**Your assignment**
Where the listing below reaches the line containing "Virtual tour photo", start writing out lines exactly, and stop once the line containing "Mercedes-Benz B-klasse 180" has been written.

**Records for this task**
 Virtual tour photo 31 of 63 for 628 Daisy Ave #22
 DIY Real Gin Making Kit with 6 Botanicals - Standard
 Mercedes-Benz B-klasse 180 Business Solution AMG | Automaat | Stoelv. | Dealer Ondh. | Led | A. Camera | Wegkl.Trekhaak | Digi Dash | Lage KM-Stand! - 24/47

* * *

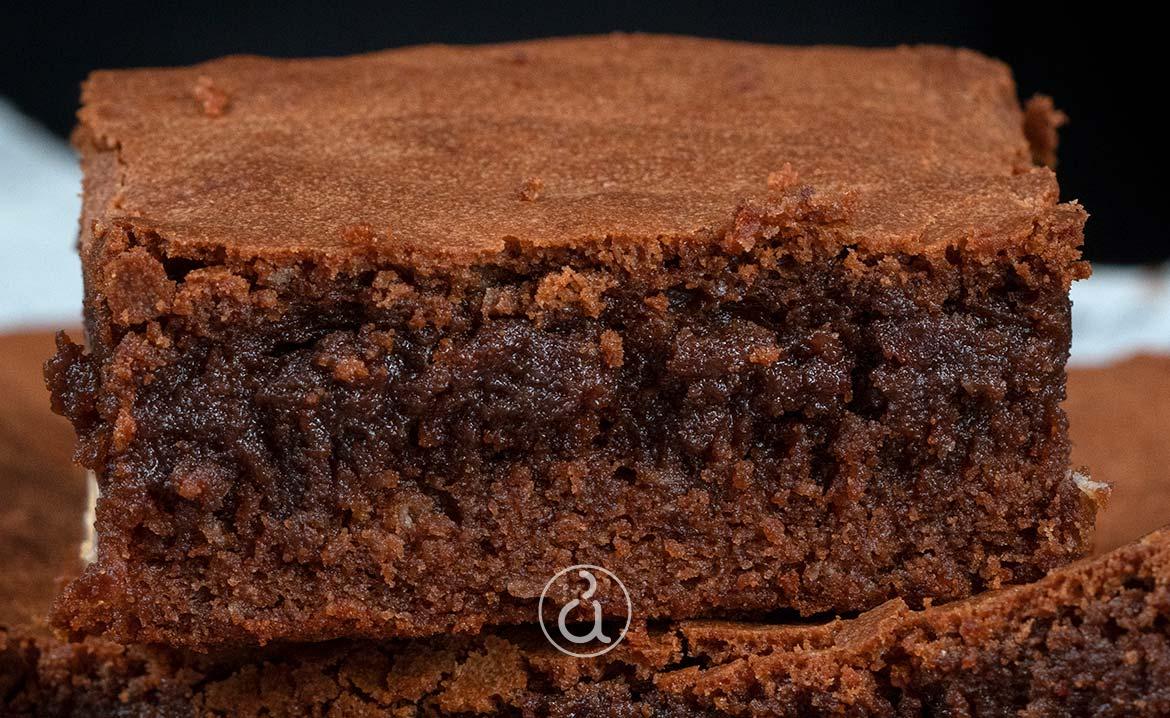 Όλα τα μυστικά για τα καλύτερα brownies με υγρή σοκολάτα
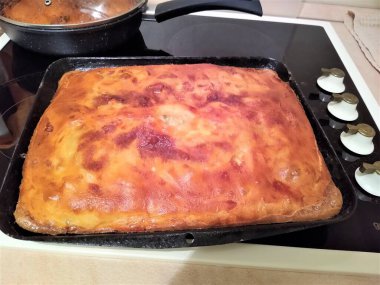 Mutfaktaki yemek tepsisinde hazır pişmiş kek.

--

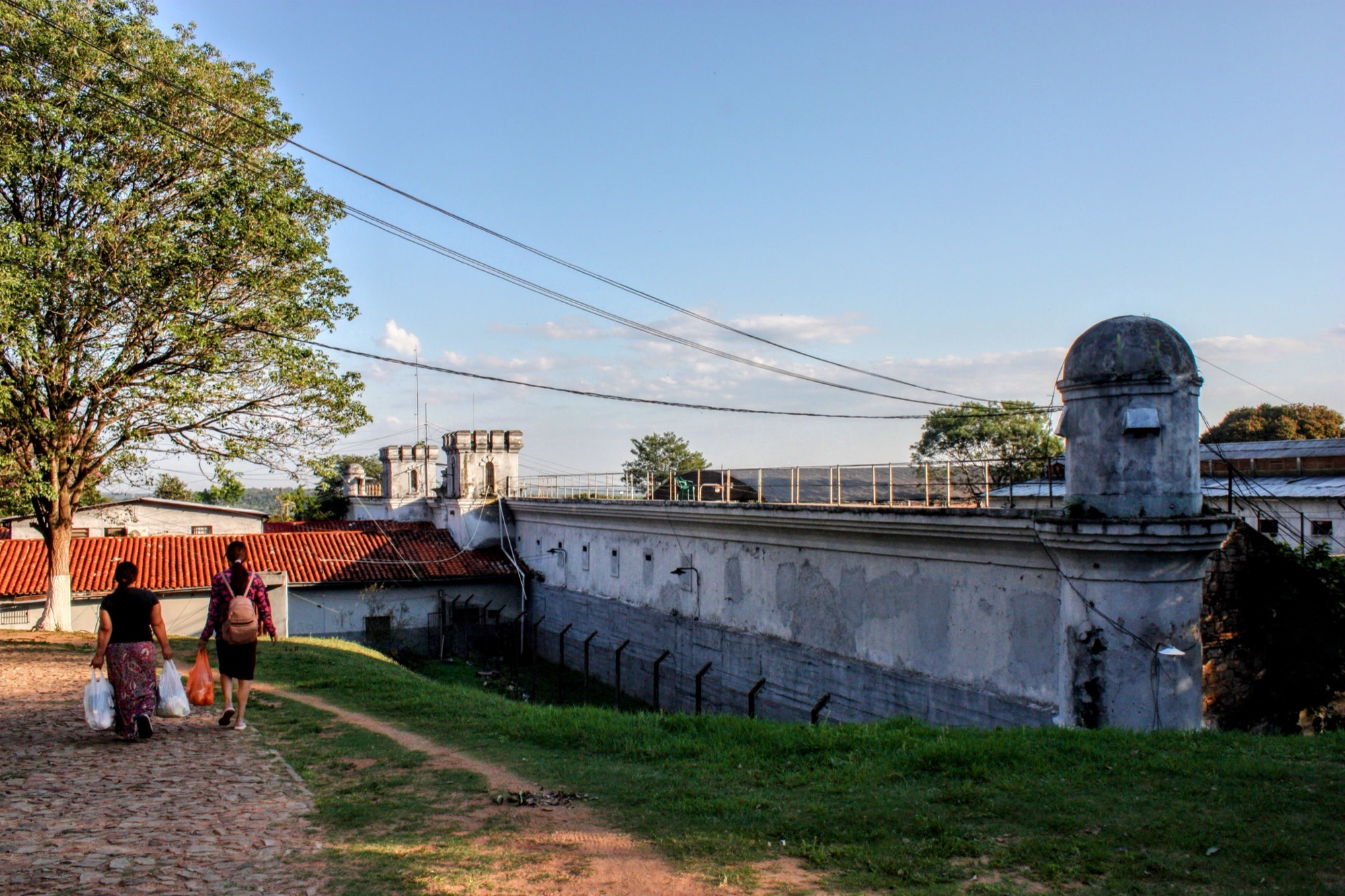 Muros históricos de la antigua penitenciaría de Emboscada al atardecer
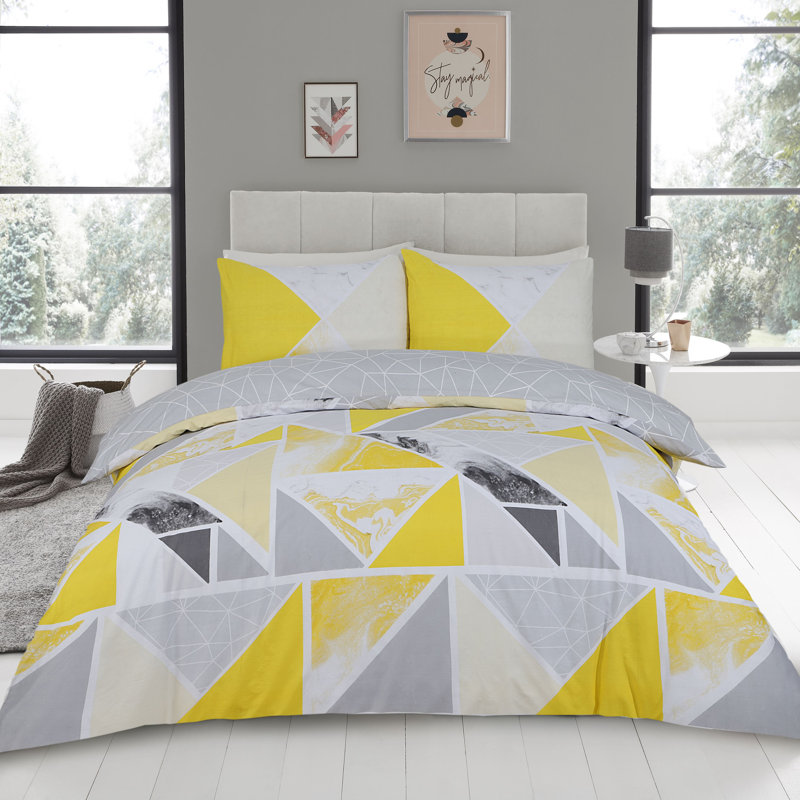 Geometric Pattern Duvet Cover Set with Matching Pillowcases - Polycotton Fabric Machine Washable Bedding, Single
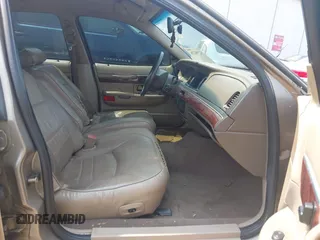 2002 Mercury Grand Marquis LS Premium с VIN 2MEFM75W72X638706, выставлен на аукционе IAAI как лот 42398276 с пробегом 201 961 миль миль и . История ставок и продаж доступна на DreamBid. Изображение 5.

**Reply**
 Virtual tour photo 31 of 63 for 628 Daisy Ave #22
 DIY Real Gin Making Kit with 6 Botanicals - Standard
 Mercedes-Benz B-klasse 180 Business Solution AMG | Automaat | Stoelv. | Dealer Ondh. | Led | A. Camera | Wegkl.Trekhaak | Digi Dash | Lage KM-Stand! - 24/47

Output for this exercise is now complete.